Yankı...
"Feyzi Bey'le görüşeceğim" dedim sekreter kıza. Kız beni duymamış gibi davranınca ilk dakikadan asabım bozuldu.
"Adınız?" dedi burun kıvırarak. Yok yok, ben böyle şeylere hiç alışık değilim.
"Siktir ya" diye söylenip gitmek için hareket ettim ama sabah masama gelen adam belirdi karşımda.

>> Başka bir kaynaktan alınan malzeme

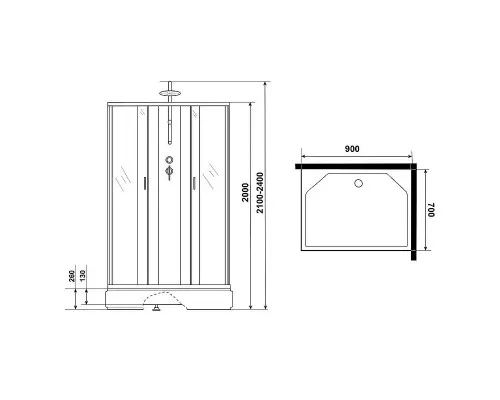 Приобрести Душевая кабина Niagara Classic 90x70 NG-33974-14QBKTG с гидромассажем в магазине сантехники Santeh-Crystal.ru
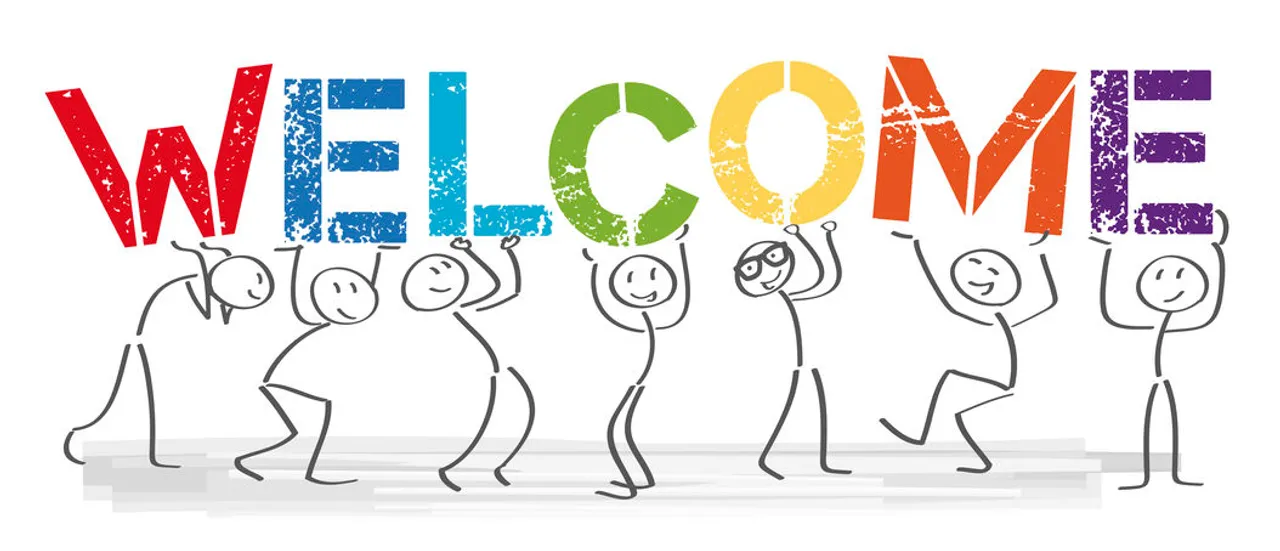 Stick figures holding a banner with the word "welcome." The article advises recruiters on how to conduct successful onboarding.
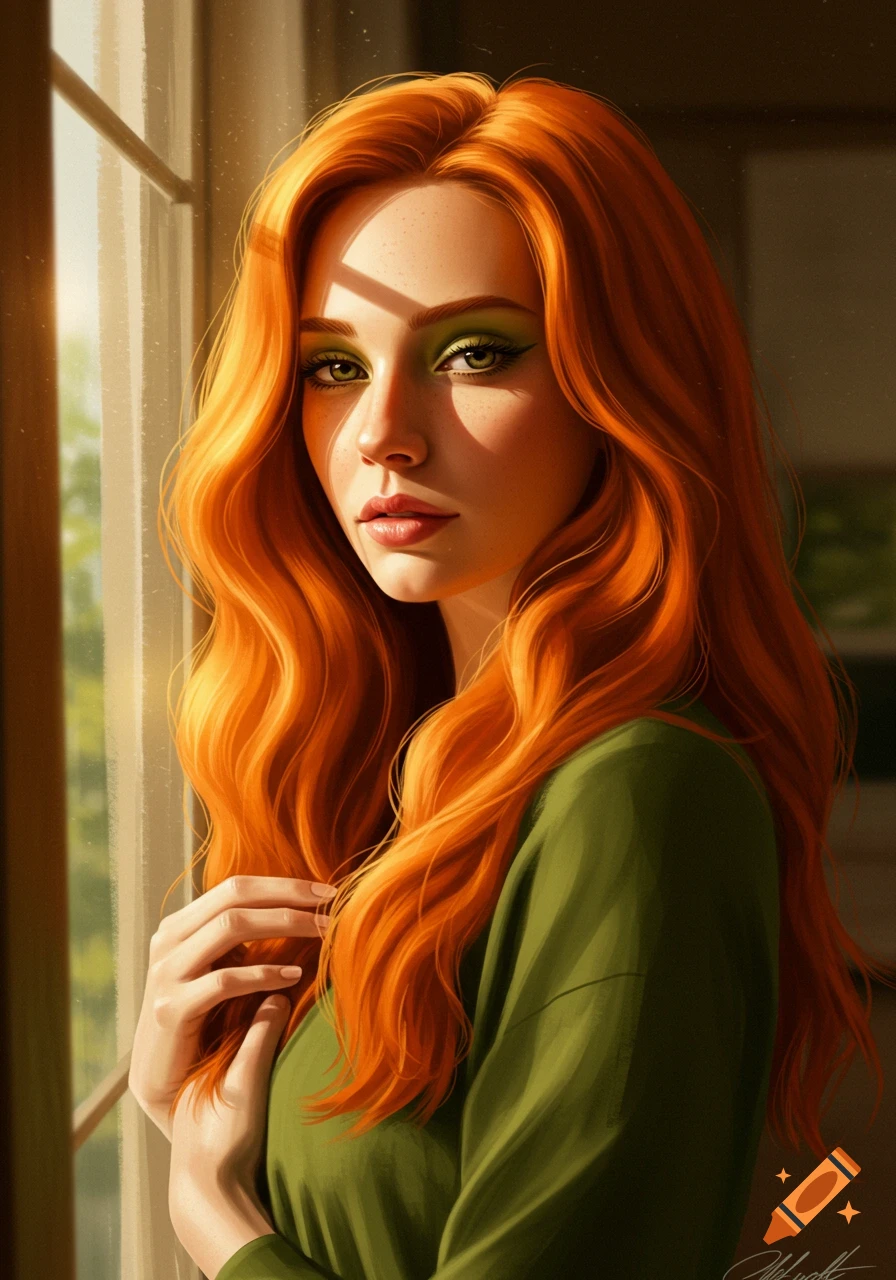 Close-up digital painting of a woman with long red hair and green eyeliner, looking at the camera with sunlight on her face.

"Hoş geldiniz, buyurun" diyerek bana yol gösterdi. "Kusura bakmayın, Hanımefendi biraz meşgul" dedi sekreter Hanım'ı kast ederek.
"Çok belli" deyip onun ardından yürümeye başladım. Beni büyük bir odaya getirip,
"Hemen geliyorum, ne içer siniz?"
"Çay" dedim, başıyla onaylayıp çıktı. Koca odada bir başıma kalınca hayretler içinde odayı inceledim. "Vay anasını." Koltuğa oturduğum anda kapı açıldı, ayağa kalktım.
"Hoş geldin genç adam. Otur lütfen. Beyefendiye içecek bir şeyler getirin." Adam beni gördüğüne niye bu kadar sevindi ki? Hayret bir şey yani. "Çabuk düşünmüşsün" diyerek masasına gitti, ordan birkaç kağıt alıp geldi ve çaprazıma oturdu.
"Öyle oldu. Ne yapacağım ben burda?"
"Hemen anlatıyorum. Kızım Melis Çağlayan, sen onun her şeyi olacaksın. Bir an bile yanında ayrılmayacaksın. Sana ihtiyaç duymadığı anlarda bile - ki bu hep olacak - hiç gocunmadan yanında kalacaksın."
"Bey amca kusura bakma ama senin kız tam olarak ne?"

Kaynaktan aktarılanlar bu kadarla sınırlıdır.